### Records
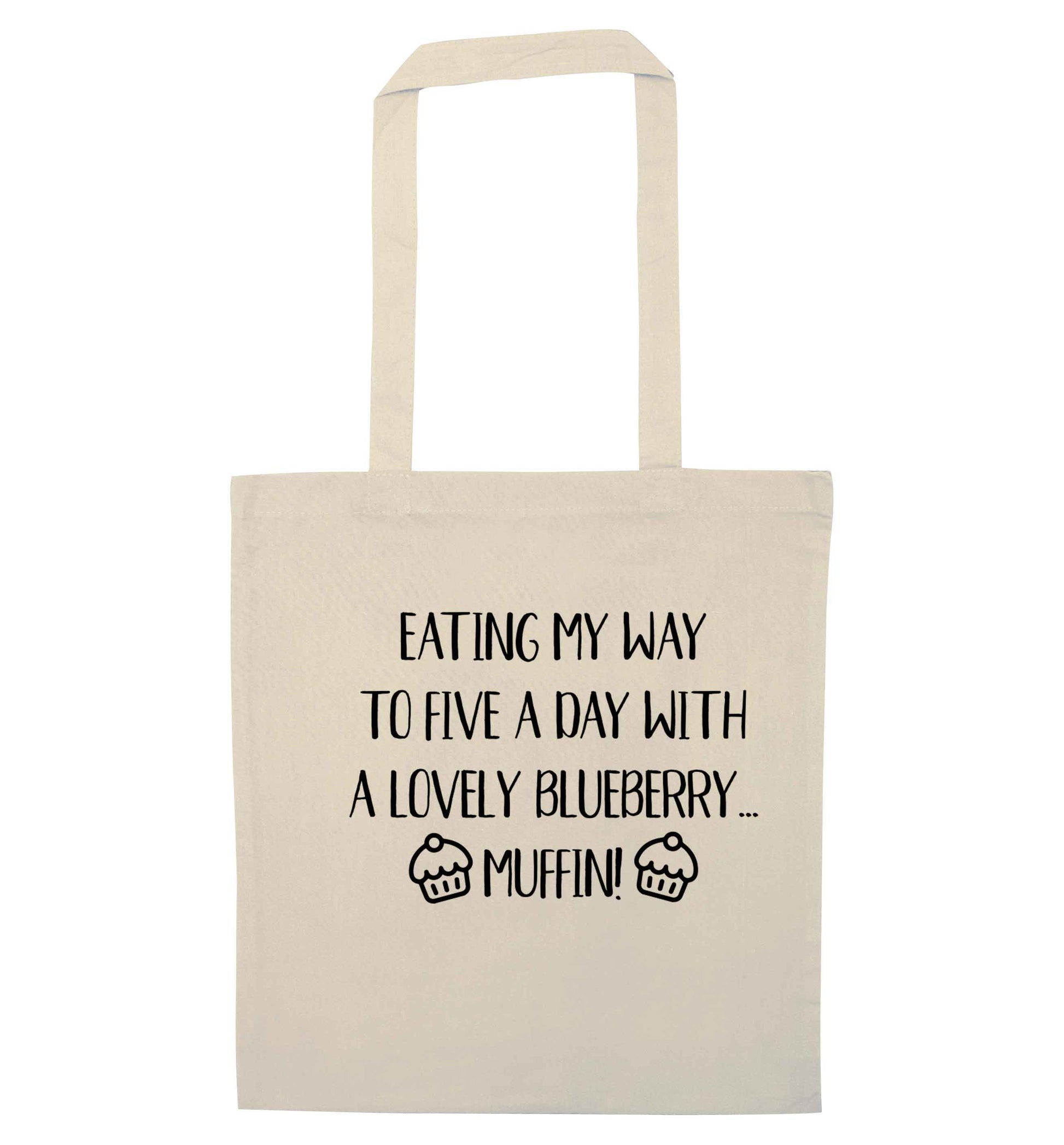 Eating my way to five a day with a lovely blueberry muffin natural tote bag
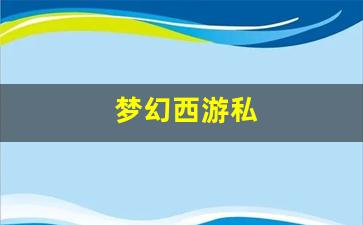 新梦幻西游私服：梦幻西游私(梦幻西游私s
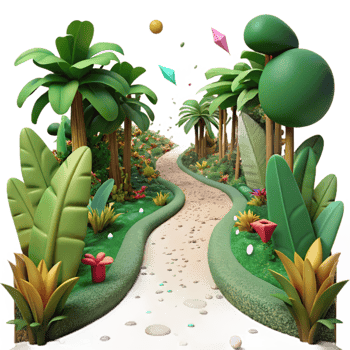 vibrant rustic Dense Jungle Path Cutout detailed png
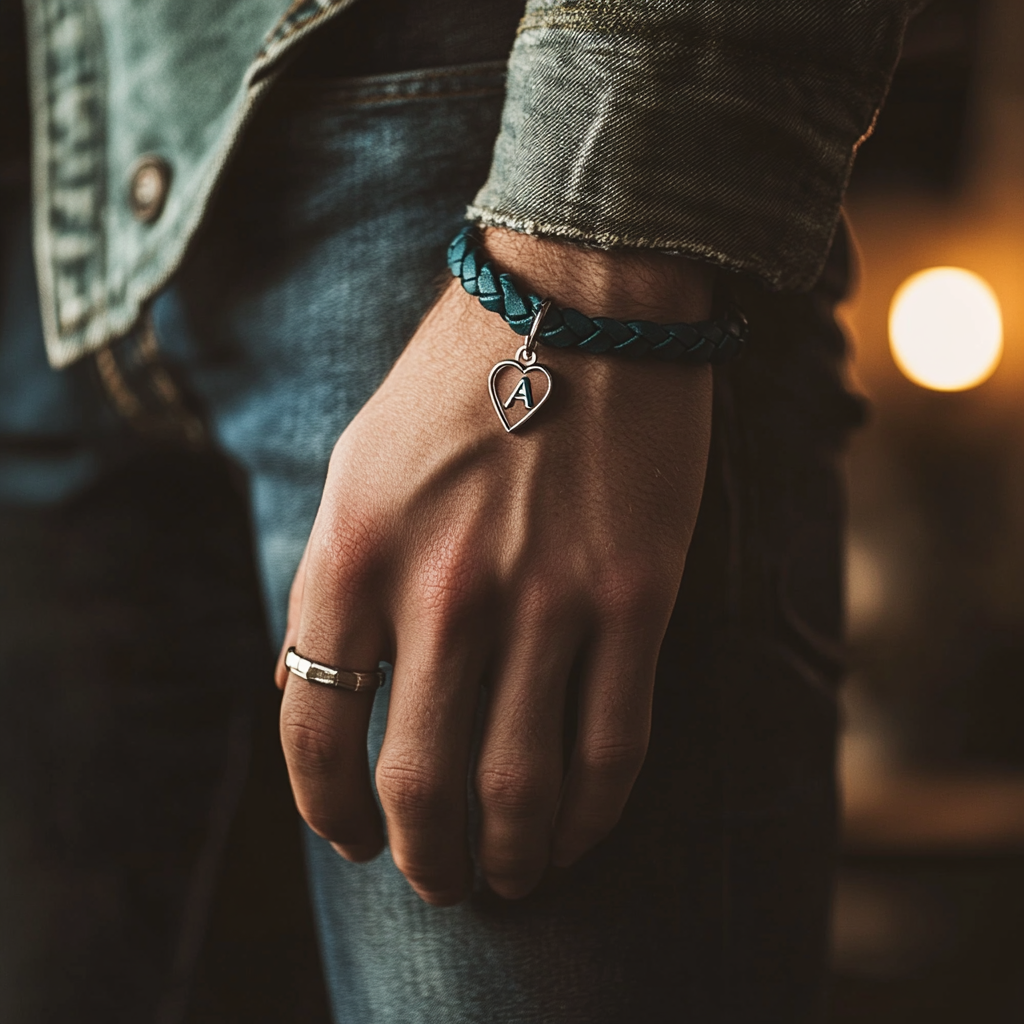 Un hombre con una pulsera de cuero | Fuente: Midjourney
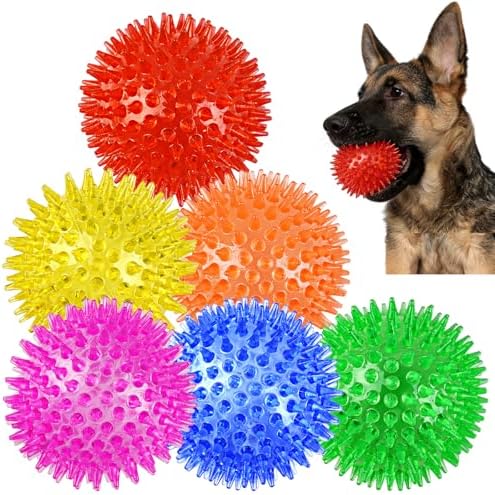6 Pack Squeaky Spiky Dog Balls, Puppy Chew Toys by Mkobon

### Prompt
Return each entry exactly as it appears above, but exclude the pictures.

### Task result
 Eating my way to five a day with a lovely blueberry muffin natural tote bag
 新梦幻西游私服：梦幻西游私(梦幻西游私s
 vibrant rustic Dense Jungle Path Cutout detailed png
 Un hombre con una pulsera de cuero | Fuente: Midjourney
6 Pack Squeaky Spiky Dog Balls, Puppy Chew Toys by Mkobon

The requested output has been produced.